ICANN ICANN Email List Archives

[ft-implementation]


<<< Chronological Index >>>    <<< Thread Index >>>

Re: Public Comment: Fast Track Proposed Solutions

  • To: ft-implementation@xxxxxxxxx
  • Subject: Re: Public Comment: Fast Track Proposed Solutions
  • From: Eric Brunner-Williams <ebw@xxxxxxxxxxxxxxxxxxxx>
  • Date: Fri, 20 Feb 2009 13:59:11 -0500

The following are some text change suggestions and supporting rhetoric (or rationale if the reader is feeling generous) for the suggested
changes to the recent Proposed Solutions.

Page 2, Section I

The first bullet item could be qualified, the IDN Table is not a tabular listing of all characters available for some purpose, but a listing of all characters, other than the ASCII LDH set, from some character repertoire other than the ASCII set. Mentioning Unicode as the character repertoire would be useful too.

The fourth bullet is incorrect. It places the utility for definition of variant characters in typographic similarities. The set of typographically dissimilar characters 'that have "the same meaning" when used in domain name registrations' is vastly greater than the set of typographically similar characters.
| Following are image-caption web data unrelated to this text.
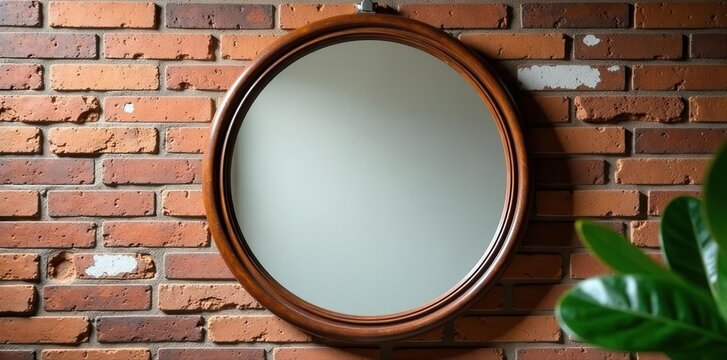 Round mirror on rustic brick wall, ample copy space, clean, vintage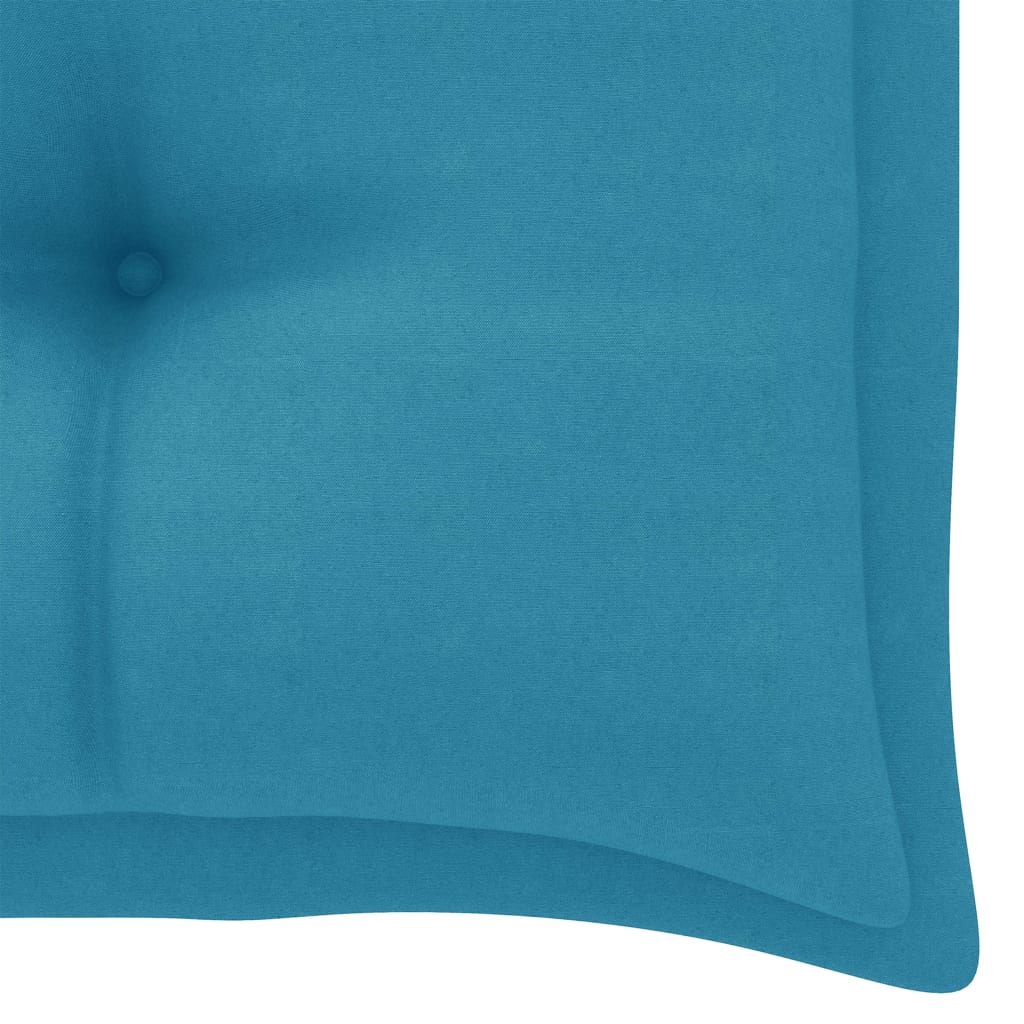 Sodo suoliukas su šviesiai mėlyna pagalvėle, 112cm, tikmedis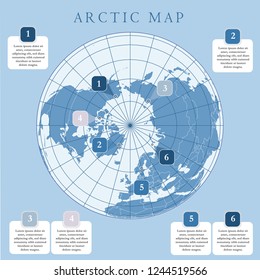 Arktische Karte mit Ländergrenzen, -gitter und -etiketten. Arktische Regionen der nördlichen Hemisphäre. Zirkumpolare Projektion. Vektorgrafik.Infografik. Blauer Hintergrund.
The utility for recognizing equivalent meanings, e.g., between typographically dissimilar Simplified Chinese and Tradition Chinese characters, and for typographically dissimilar Abenaki orthographic convention equivalence class {8, w, ou, and U+0222, U+0223}, is not to prevent confusion arising from dissimilar meaning associated with visually similar characters, but to prevent confusion arising from dissimilar meaning associated with visually dissimilar characters.

This error is repeated in the expanded discussion in page 4, Section III, which states the benefits of equivalence only in terms of visual similarity. This is equivalent to claiming that the only motivation for exercising any care with any subset of the character repertoire(s), or for IDNs in the first place, is typo-squatting on famous marks.
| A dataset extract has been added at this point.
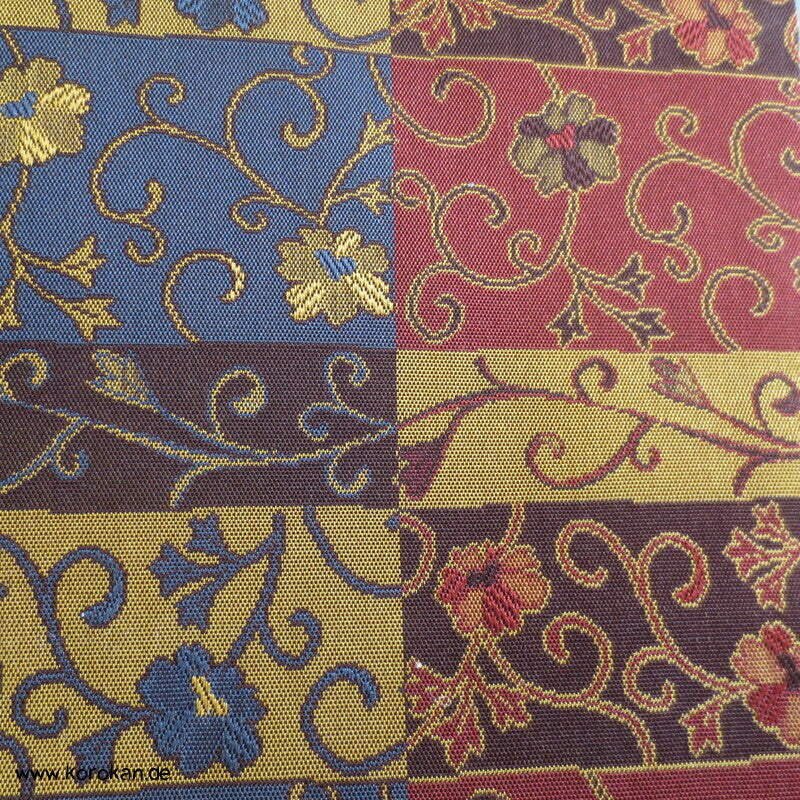 Arabesken in Karo - Jacquard, Nagoya Obi, dunkelbunt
The test for true meaning is either to state that SC/TC and similar character equivalencies are not "variants" and ICANN will discard any SC/TC and similar table data submitted as IDN table data.

Page 3, Section I, continued

The sixth bullet is unclear. What support will ICANN provide to applicants when requested?

The seventh bullet could be restated as "If a sequence of characters applied for by a Fast Track Program applicant ccTLD, or any subsequent applicant, contains any characters which are defined as being in a variation set in any IDN table previously submitted to ICANN, the application would result in an entry into the IANA root only if an undefined "user confusion" test has an under-defined outcome."

Page 4, Section IV, para 1 refers to a "speech community". This should be "writing community", or simply "language community", and "language authority or authorities" is even better. The plural is probably the better choice, I couldn't abide by George W. Bush's "English" and I'm sure the US isn't the only odd-stakeholder that is intellectually broken from time to time, or permanently on language authority issues.

For instance, in Khmer there are several orthographic conventions (see also Abenaki, supra) and the character variation issue has nothing to do with spoken Khmer, only the orthographic choice problem.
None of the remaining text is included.